Shadow Boxing?

Don’t count the days; make the days count.

The apostle Paul often alluded to athletics to illustrate divine truth. In every case, he used it, not as we often think of sports today—for leisure and entertainment—but to call the people of God to a life of rigor, sacrifice, determination, and single-mindedness.

The runner lays aside every weight (Heb. 12:1) in order to run with endurance. The wrestler knows his opponent, not “flesh and blood,” but the rulers of darkness (Eph. 6:12). The athlete realizes that striving is not enough; he is “not crowned, except he strive lawfully” (1 Tim. 2:5).

In his first letter to the Corinthians, Paul wrote: “Everyone who competes for the prize is temperate in all things. Now they do it to obtain a perishable crown, but we for an imperishable crown. Therefore I run thus: not with uncertainty. Thus I fight: not as one who beats the air” (9:25-26, nkjv).

Notice the preacher’s four main points:

1. The intensity of competition on the track demands temperance in lifestyle at all times: If the prize is to be won, it will largely be won when no one is watching. A disciplined life in private shows its benefits in the crisis of the competition. So too, the private life of prayer, meditation, study, personal holiness, discrete good works, and moderation in habits are keys to the winning edge in the Christian life. Raw native talent in place of spiritual exercise, “the gift of the gab” on the platform instead of hours of study with the open Book, or lengthy public prayers in lieu of private ones—all this will fool no one when our own resources fail us in the Big Race.

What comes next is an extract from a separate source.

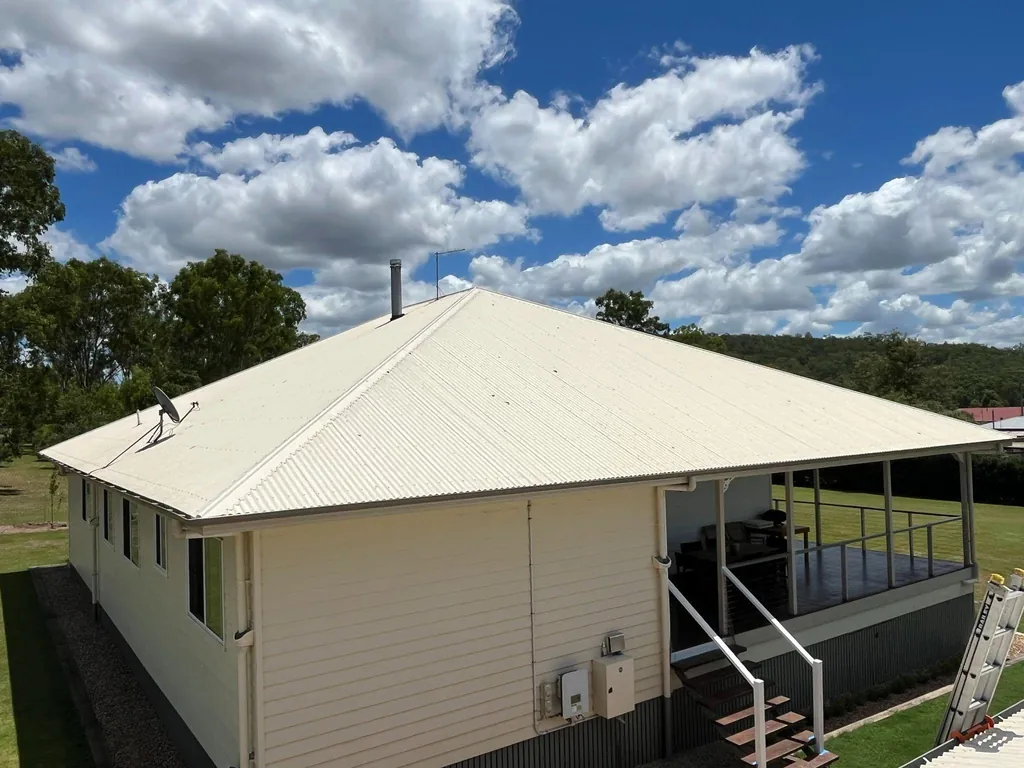 After: new cream metal roof on the same house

2. The seriousness of athletes for earthly prizes should spur us to greater zeal for our heavenly ones: Rain or shine, hot or cold, I see them, sometimes stumbling along the roadside in the early morning. Bundled against the winter chill or glistening with sweat, their dogged example shouts at me as I pass in the comfort of my car: “How serious are you, Jabe Nicholson, about the race you’re in, the race whose prize is to ‘win Christ’” (Php. 3:8)? Am I pressing—pushing myself—“for the prize of the high calling of God in Christ Jesus” (Php. 3:14)? Or is “take it easy” my repeated credo?

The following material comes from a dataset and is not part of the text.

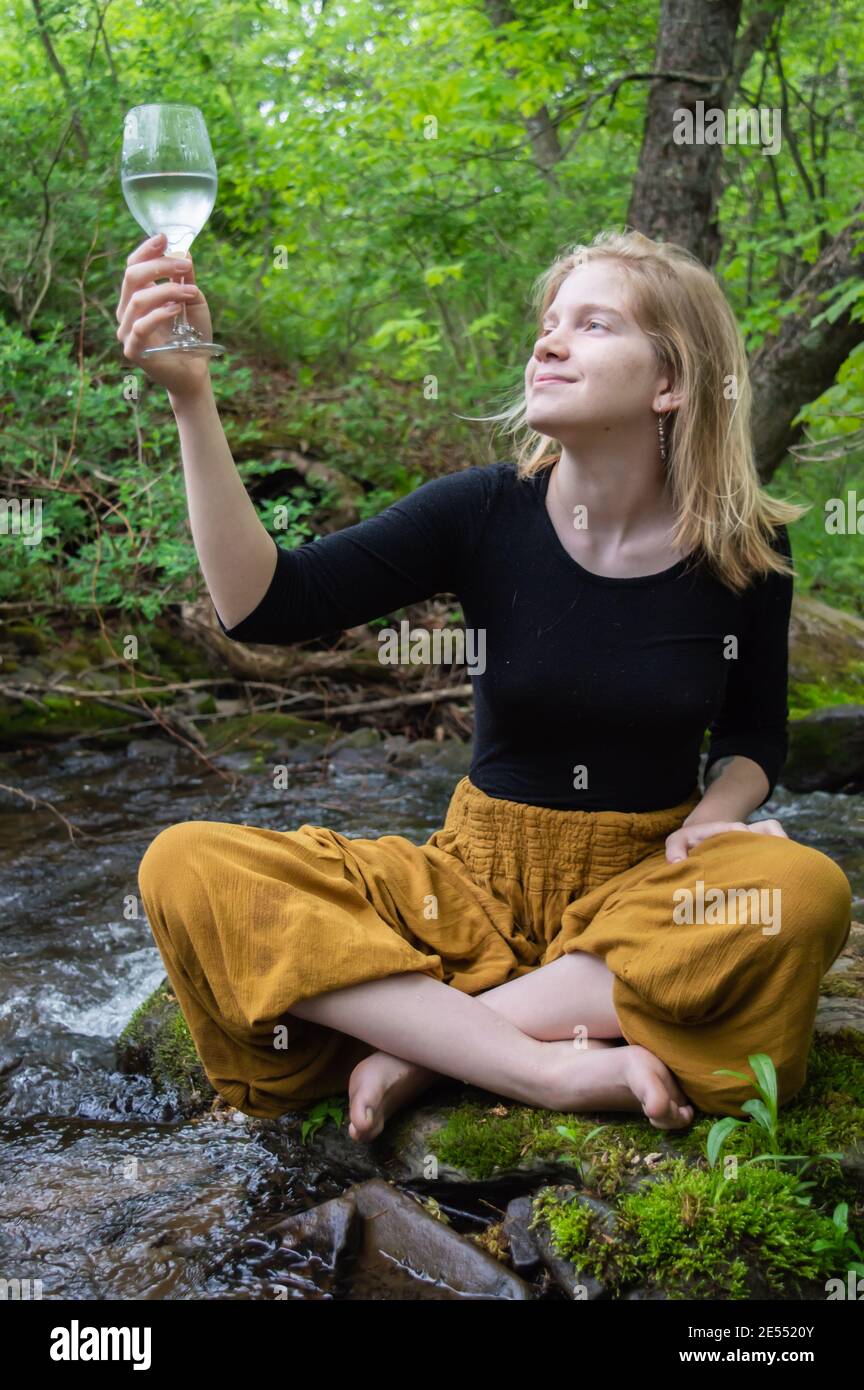 Porträt einer jungen lächelnden Frau, die mit gekreuzten Beinen auf einem moosbedeckten Felsen am Ufer eines Flusses sitzt und ein Weinglas betrachtet. Stockfoto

3. Since nothing is uncertain about my purpose, nothing should be uncertain about my performance: If the commission is clear—the gospel to the whole world in our lifetime (it’s axiomatic that only our generation can reach our generation)—how are we doing? How much closer to the goal are we than we were last week? Last year? Babies keep coming. People keep dying. Has this become some rerun farce with the conveyer belt at full speed? The hapless workers frantically watch the pies land in a heap because they have decided they cannot save them all? Christian, it is not our role to save them all. Jesus saves! But it is our role to be a witness to as many as we can.

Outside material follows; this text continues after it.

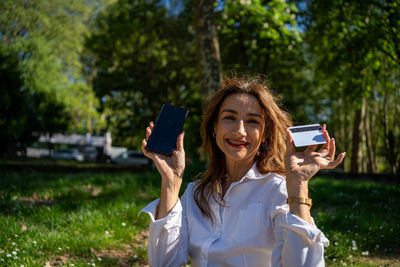 Young woman using mobile phone while sitting on field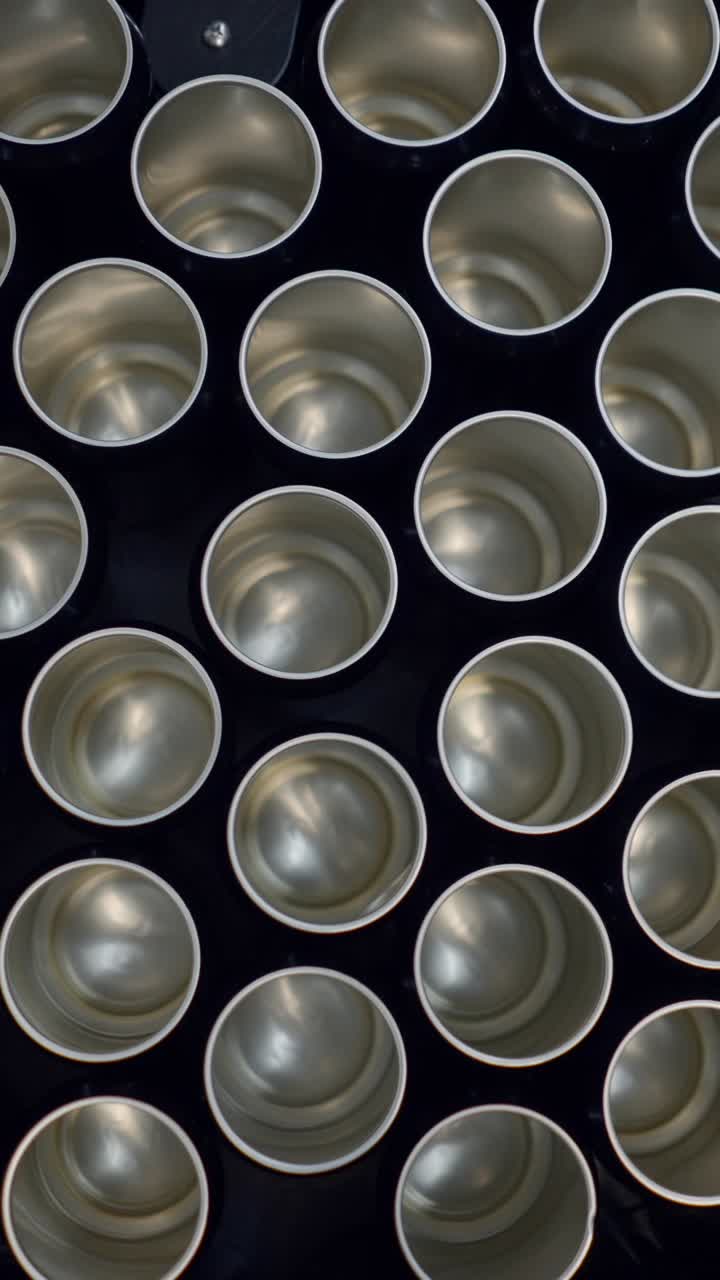 A grid of empty metal cans on a dark surface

4. Shadow boxing will not do in a real battle with a real enemy, and we must make every blow count: No damage will be done as long as we sit in social circles among our Christian friends and talk of conditions outside. We must engage the enemy in every way, making every penny, every moment, every ounce of energy count. Let it not be said of us what Muhammad Ali once said of fellow boxer George Foreman: “I’ve seen him shadow-boxing—and the shadow won!”